WORK TO COMPLETE — Nothing but the lines from the one containing "A bicycle leaning" through the last line of the data below should be returned, each copied exactly.

Short text fragments from websites
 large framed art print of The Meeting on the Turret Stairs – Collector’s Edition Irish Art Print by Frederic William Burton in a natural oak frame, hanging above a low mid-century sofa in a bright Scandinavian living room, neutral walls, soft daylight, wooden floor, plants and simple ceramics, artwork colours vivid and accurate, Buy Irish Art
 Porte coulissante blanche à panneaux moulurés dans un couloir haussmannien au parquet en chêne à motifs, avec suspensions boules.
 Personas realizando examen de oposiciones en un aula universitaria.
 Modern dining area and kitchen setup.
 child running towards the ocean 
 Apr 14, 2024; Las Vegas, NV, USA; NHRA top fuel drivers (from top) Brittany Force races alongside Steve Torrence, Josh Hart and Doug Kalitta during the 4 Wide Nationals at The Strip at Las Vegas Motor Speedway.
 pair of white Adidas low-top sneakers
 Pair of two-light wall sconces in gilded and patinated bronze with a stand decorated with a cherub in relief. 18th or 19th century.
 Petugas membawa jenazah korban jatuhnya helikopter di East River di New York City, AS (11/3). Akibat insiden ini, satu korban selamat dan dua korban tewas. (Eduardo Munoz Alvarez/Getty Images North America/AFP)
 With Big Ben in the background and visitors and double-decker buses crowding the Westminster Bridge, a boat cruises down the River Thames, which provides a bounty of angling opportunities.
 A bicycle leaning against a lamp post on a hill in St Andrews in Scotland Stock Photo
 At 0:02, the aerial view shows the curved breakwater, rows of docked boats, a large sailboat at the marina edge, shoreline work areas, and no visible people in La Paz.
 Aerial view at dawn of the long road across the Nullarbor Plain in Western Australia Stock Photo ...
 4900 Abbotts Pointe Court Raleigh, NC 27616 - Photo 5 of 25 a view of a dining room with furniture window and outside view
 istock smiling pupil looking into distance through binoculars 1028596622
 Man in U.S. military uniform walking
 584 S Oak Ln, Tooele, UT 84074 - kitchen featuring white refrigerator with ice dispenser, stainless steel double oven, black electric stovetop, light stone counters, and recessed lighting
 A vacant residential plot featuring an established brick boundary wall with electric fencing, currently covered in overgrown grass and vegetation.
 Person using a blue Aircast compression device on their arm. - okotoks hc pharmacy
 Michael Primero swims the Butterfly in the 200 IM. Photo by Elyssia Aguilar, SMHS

EXPECTED OUTPUT —
 A bicycle leaning against a lamp post on a hill in St Andrews in Scotland Stock Photo
 At 0:02, the aerial view shows the curved breakwater, rows of docked boats, a large sailboat at the marina edge, shoreline work areas, and no visible people in La Paz.
 Aerial view at dawn of the long road across the Nullarbor Plain in Western Australia Stock Photo ...
 4900 Abbotts Pointe Court Raleigh, NC 27616 - Photo 5 of 25 a view of a dining room with furniture window and outside view
 istock smiling pupil looking into distance through binoculars 1028596622
 Man in U.S. military uniform walking
 584 S Oak Ln, Tooele, UT 84074 - kitchen featuring white refrigerator with ice dispenser, stainless steel double oven, black electric stovetop, light stone counters, and recessed lighting
 A vacant residential plot featuring an established brick boundary wall with electric fencing, currently covered in overgrown grass and vegetation.
 Person using a blue Aircast compression device on their arm. - okotoks hc pharmacy
 Michael Primero swims the Butterfly in the 200 IM. Photo by Elyssia Aguilar, SMHS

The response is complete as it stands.